**Exercise:** Pictures are to be left out, and only the lines below starting at the one with "Tempestade, amazônia, áreas inundadas" and ending at the one with "Fall Slouch Cardigan" are to be reproduced, each exactly, both ends included.

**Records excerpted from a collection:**
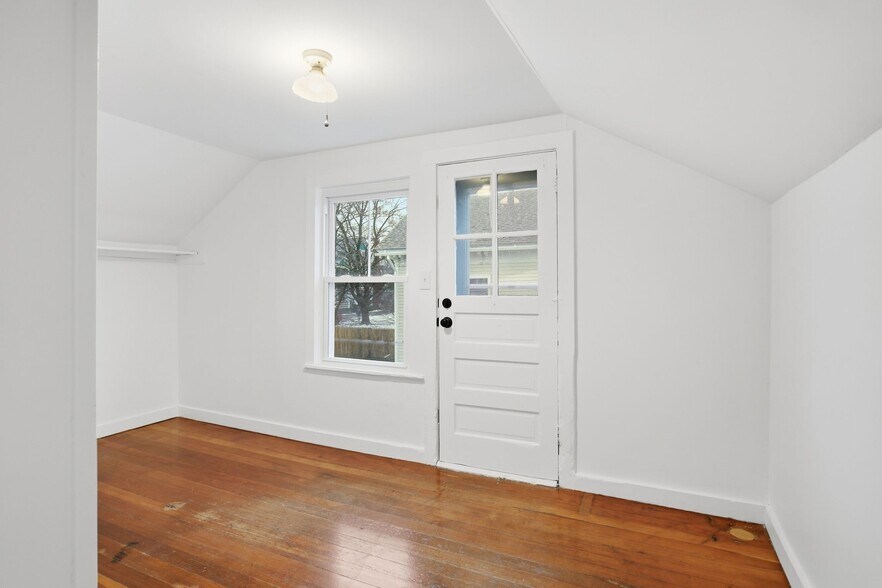 Building Photo - 7 Day Ave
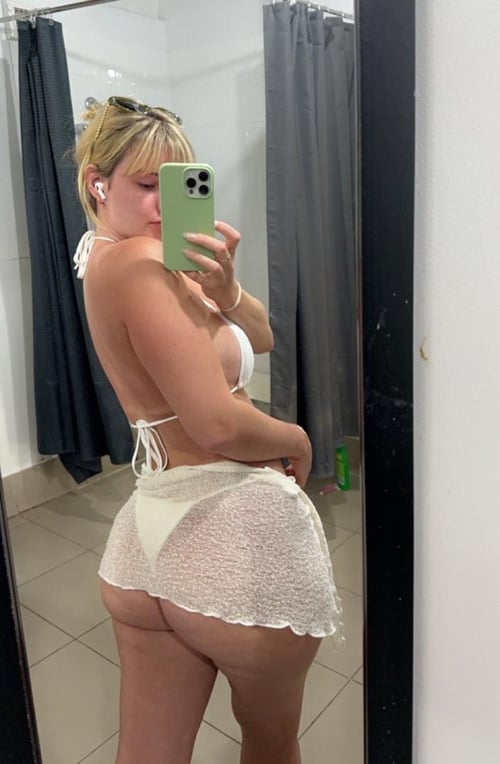 👋,Am Ella britney l,Are u in need😔of😘an hot 🥵sexy🍌 girl to have an unlimited fun with 💦🍑?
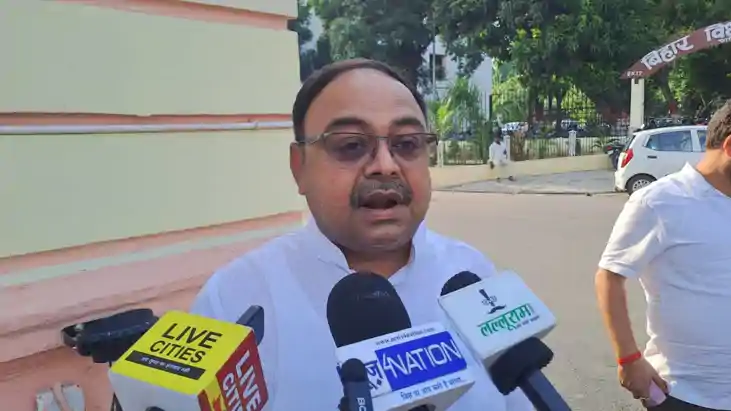 कैमूर DM पर उठे सवाल: BJP MLC संतोष सिंह ने विधान परिषद में 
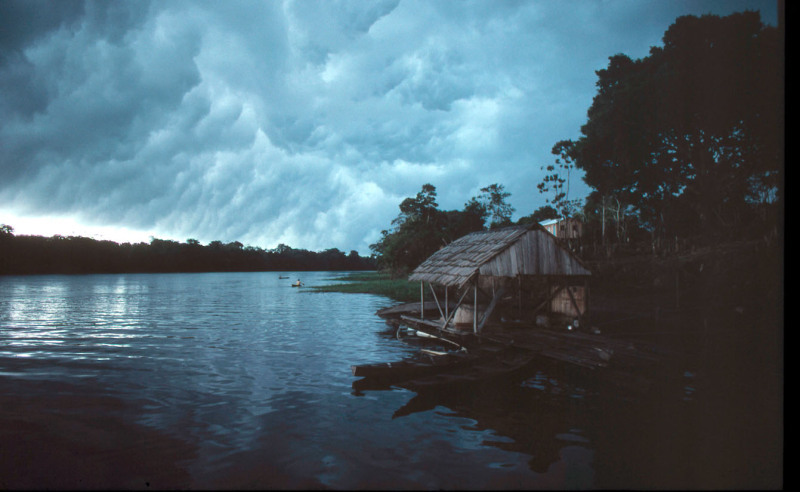 Tempestade, amazônia, áreas inundadas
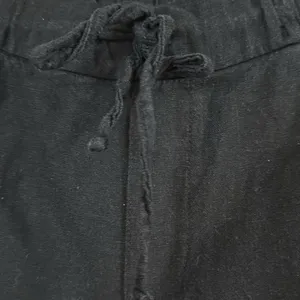 Old navy women’s black linen blend pants size large . thumbnail 4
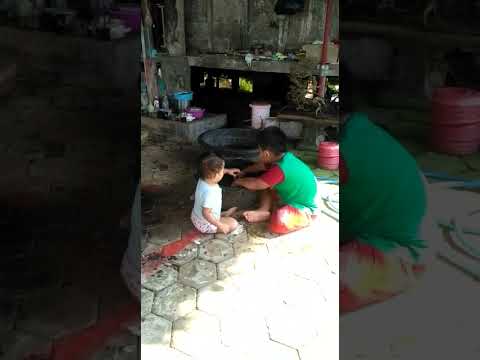 Bhinneka Tunggal Ika bermain sama adik Tan Hana Dharma Mangrwa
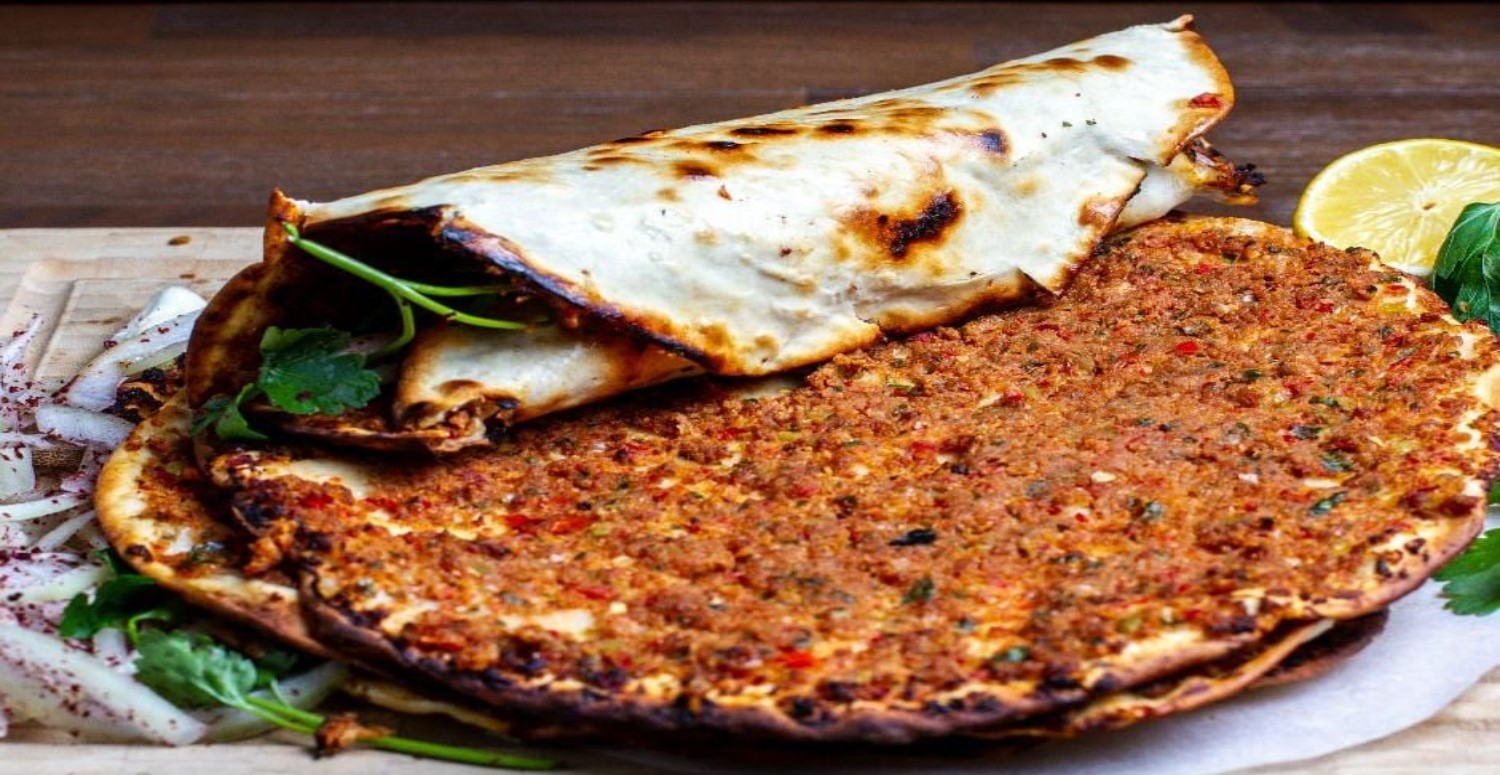 EVDE LAHMACUN YAPMAK
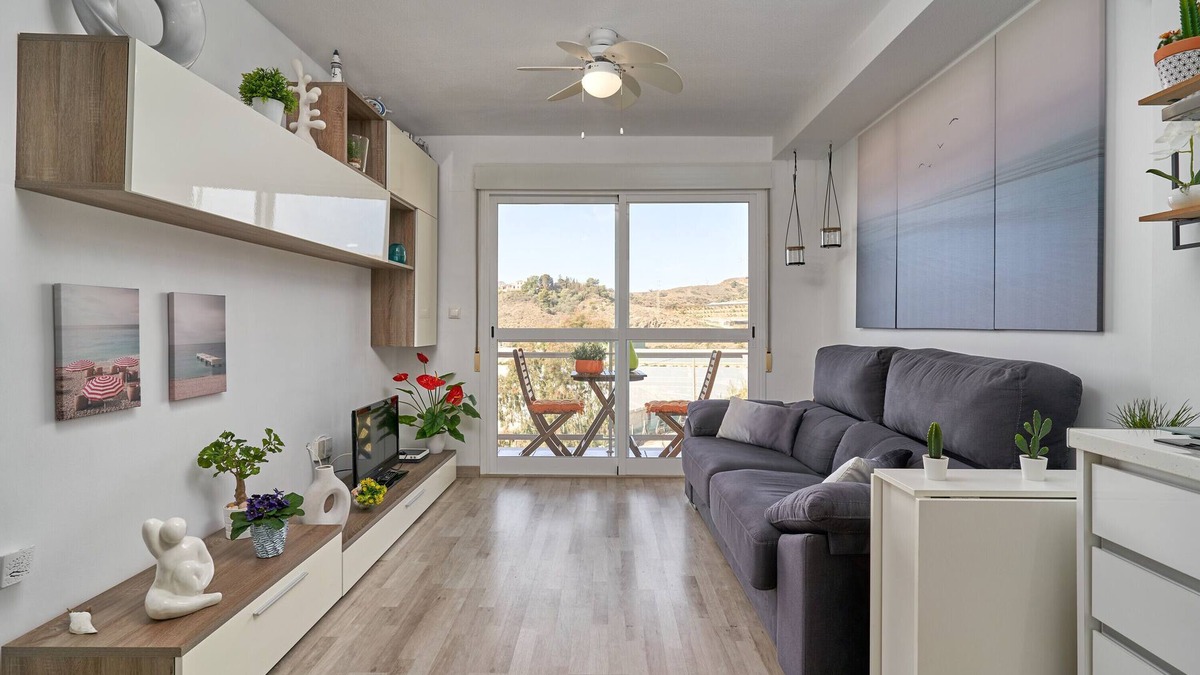 Rio Velez Apartment | Holiday Apartment 'Abierto Al Mar' with Sea View, Shared Pool & Wi-Fi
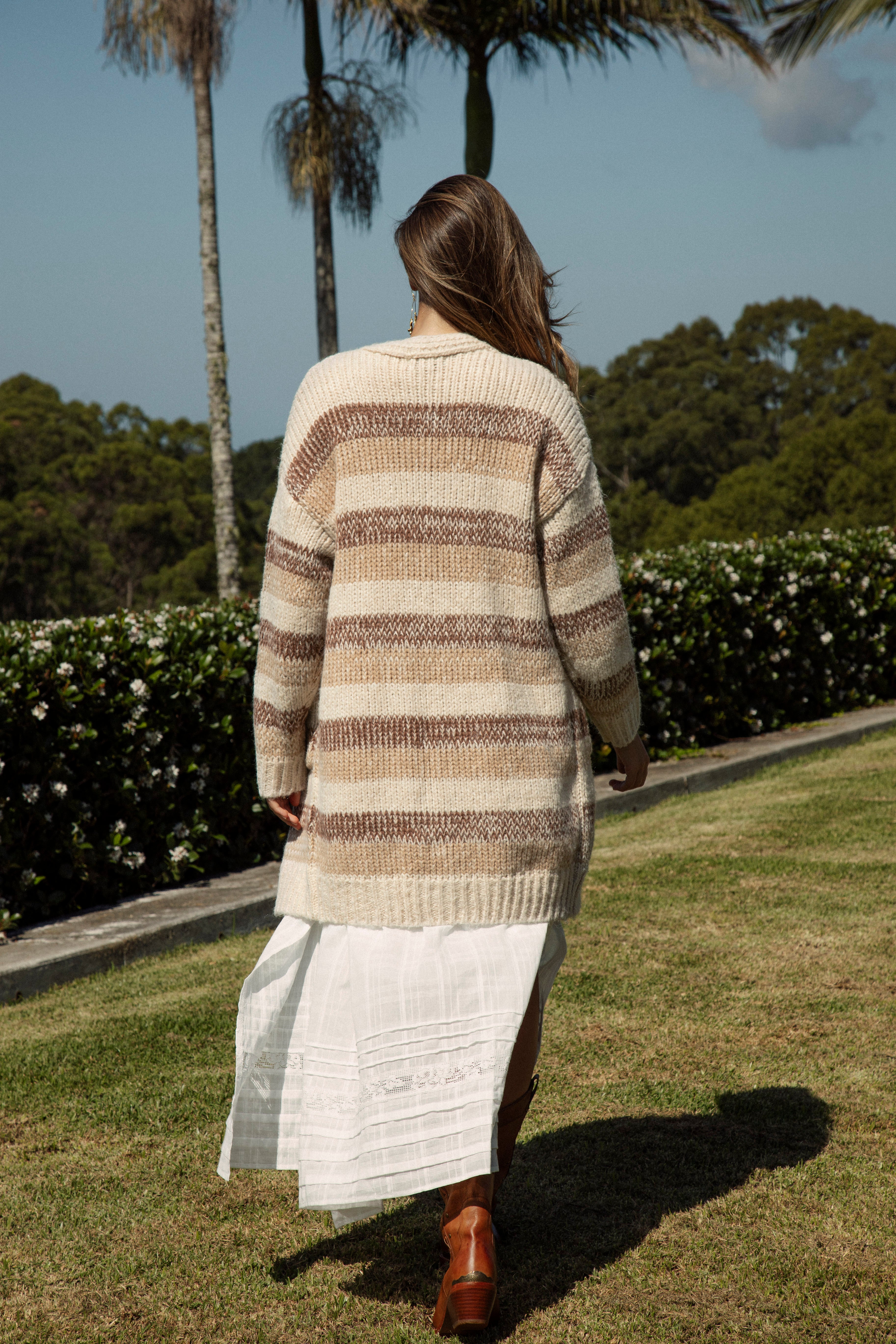 Fall Slouch Cardigan Toffee - rear view of striped pattern and longer length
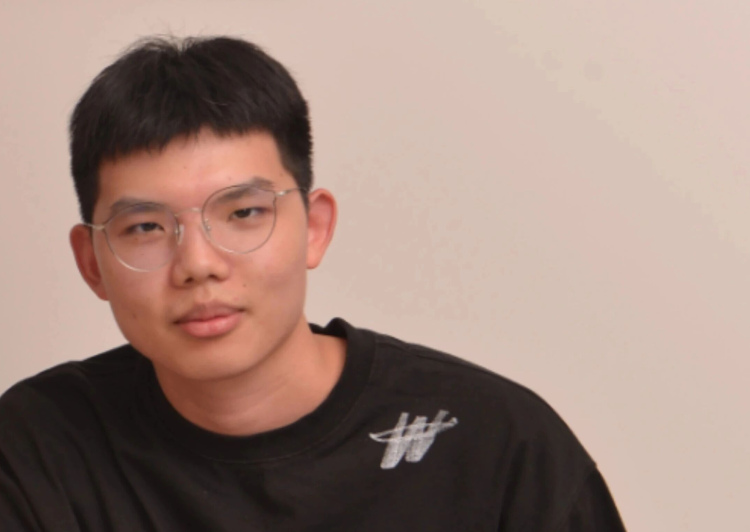 27岁武汉本地郎征婚，硕士，年薪15w+4套全款房！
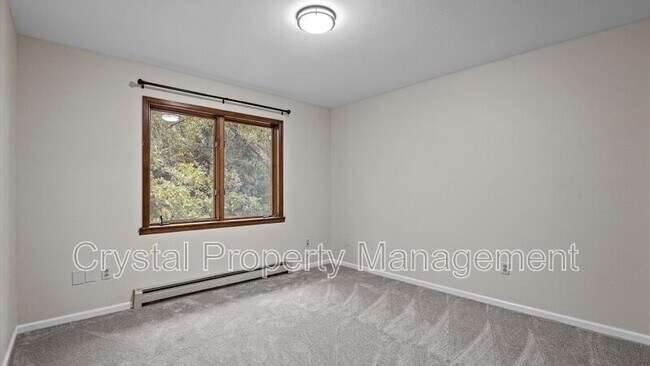 Building Photo - 1001 Walz Ave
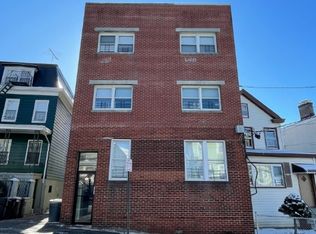 118 Oliver Ave #1R, Yonkers, NY 10701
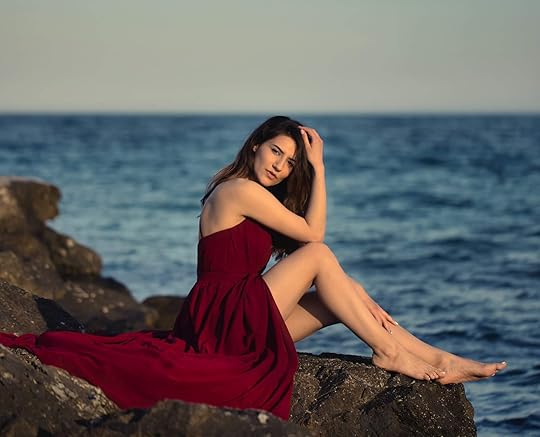 5 Famous Hawaiian Outfits for Women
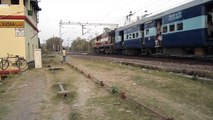 [HD] TKD WDM-3A Varuna Express - Dilkusha Cabin - March 2011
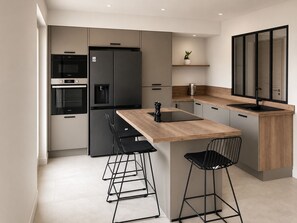 Private kitchen - Fully renovated villa in Provence, with large pool and spectacular valley view (Bargemon)
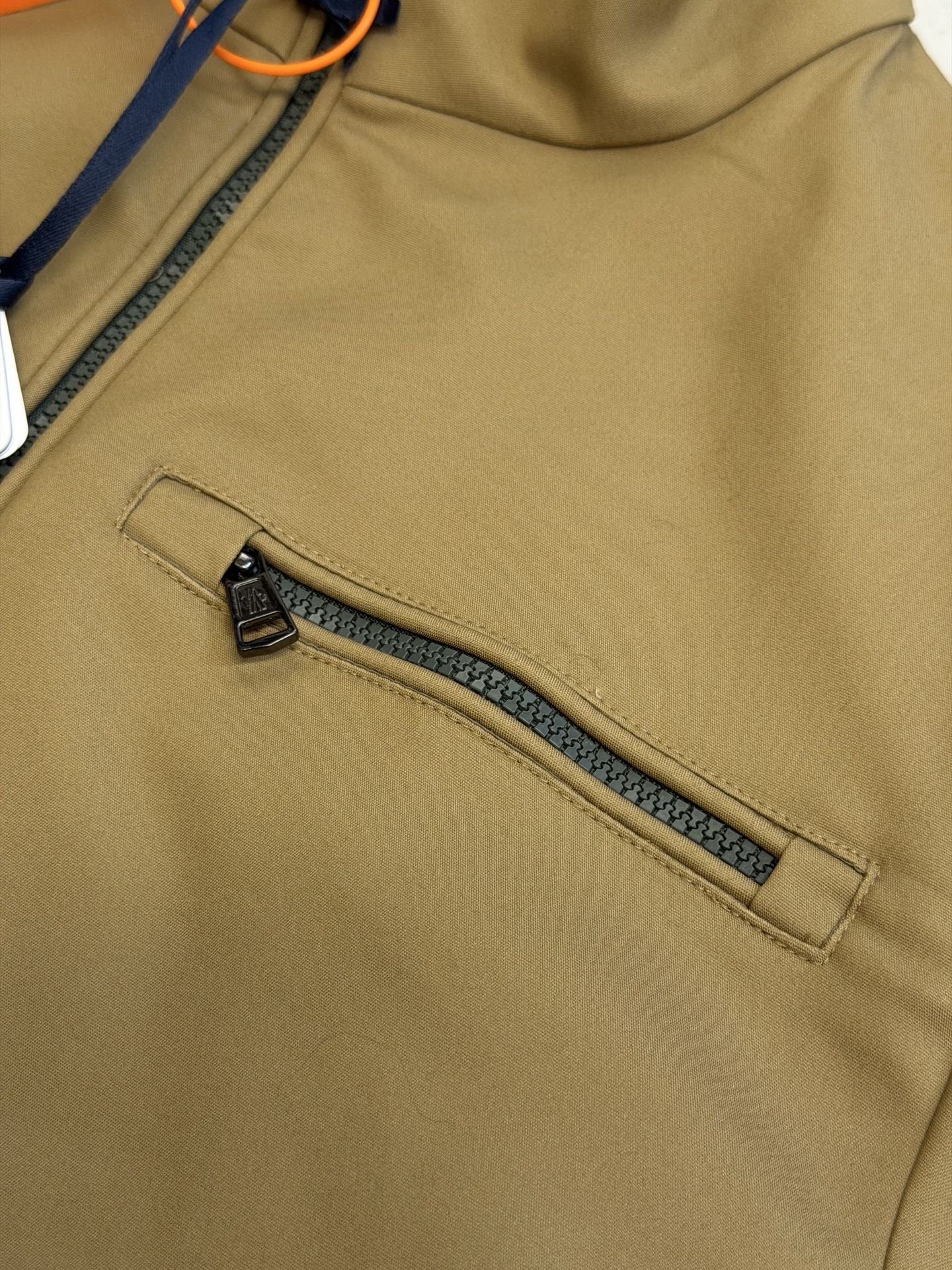 Moc logo pocket zip jacket Customized Mo Chen Yujing cotton brocade blend, three-dimensional stand-up collar creates a smart aura, the main zipper and chest pocket zipper use contrasting teeth, showing exquisite craftsmanship in details. Double green webbing runs vertically through the side of the body, injecting retro sports lines, round logos on the sleeves and arms are implicitly embellished, and elastic cuffs stabilize the version. It combines urban functionality and retro sports aesthetics, interpreting Italian quiet luxury style. - Image 6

**Written solution:**
 Tempestade, amazônia, áreas inundadas
 Old navy women’s black linen blend pants size large . thumbnail 4
 Bhinneka Tunggal Ika bermain sama adik Tan Hana Dharma Mangrwa
 EVDE LAHMACUN YAPMAK
 Rio Velez Apartment | Holiday Apartment 'Abierto Al Mar' with Sea View, Shared Pool & Wi-Fi
 Fall Slouch Cardigan Toffee - rear view of striped pattern and longer length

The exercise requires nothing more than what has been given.